Tuesday, April 28, 2015

Portfolio diversification: How does it boost investment?

One of the most common advice given to investors is,' Do no put all your eggs in your basket'. This essentially means that investments should be spread across different asset classes. This suggestion also brings forward the concept of portfolio diversification which propagates allocation of investible amount into different asset classes based on certain parameters. However, the problem with investors is that they ignore the most critical ingredient of diversification which is known as correlation. They invest with the belief that investment in different assets automatically results into diversification. On the face of it the portfolio looks diversified, but pratically lacks benefits of diversification. In order to make diversification work, the correlation between different asset classes should be clearly understood.

In order to understand benefits of correlation, let us first look at the concept of correlation. Correlation shows relationship between movements of different asset class. In simple words, when one asset class ,say shares, give positive return while another asset class  gold gives negative return, it can be concluded that the correlation between shares and gold is negative. It is important for investors to understand correlation factor before allocating investments across asset classes. Let us look at some examples where correlation can give benefits of investments:

Equity and debt often show opposite return behavior: It has been often seen that when rate of interest goes up, the value of equity shares goes down, while the return from debt instruments goes up. So in a rising rate of interest scenario, it will in interest of investors to have more of debt in the portfolio and reduce equity exposure. As rate of interest goes down, the reverse can be done. This decision primarily is driven by the fact that rate of interest or return from debt and equity are generally inversely related. Diversification works well in this kind of scenario. Also high rated debt instruments are almost risk free.

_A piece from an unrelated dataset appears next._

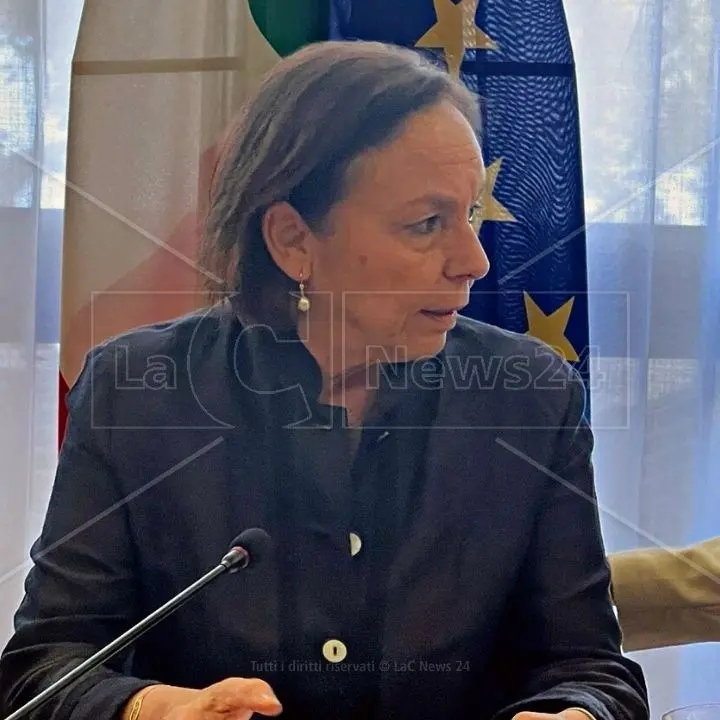 Il ministro Lamorgese a Reggio: infiltrazioni della ’ndrangheta ed emergenza migranti al centro del Comitato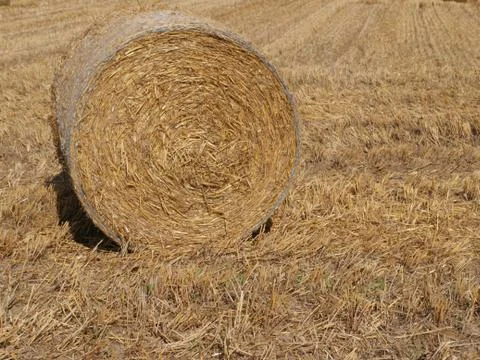 Front of bale of straw wrapped in wire mesh pressed into a roll Foto stock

This helps in diversification of portfolio by keeping portfolio relatively risk free.

Two schemes of mutual funds do not essentially result into diversification:  Investors often invest with the assumption that investments in different schemes of mutual funds will result into more diversification. However, reality is different from this. As an investor, you need to check whether different schemes of mutual funds selected by you are investing in different kind of stocks. If you end up selecting two schemes in which there are commonalities in terms of investments, diversification benefits will be limited. So ensure that mutual fund schemes selected by you are well diversified themselves.

Combining high beta stocks with defensive stocks: In rising market, high beta stocks give you high return while in falling markets these stocks become drain on your investments. In order to avoid the downside risk and avail benefits of diversification, it will make sense to combine these high beta stocks with defensive stocks such as FMCG and Pharma stocks. The experience of last five years shows that while stock market has not given good returns in general, pharma and FMCG stocks have been consistent performers. Diversification of equity portfolio will work for an investor if this kind of investment strategy is adopted.

Gold as an asset class adds to diversification benefits: It is often said that gold continues to perform when all asset classes fail to do so. Investors often switch to gold as an asset class during periods of crisis. It makes sense to hold gold in your portfolio to minimize portfolio risk. Gold has a negative correlation with many of the asset classes such as equity and debt. For investors holding commodity such as crude in their portfolio, gold works as an asset which gives diversification benefits.

It is extremely important to note that diversification does not mean more assets in portfolio, it means having assets whose correlation is well defined. Benefits of diversification is maximized when portfolio is created on correlation benefits.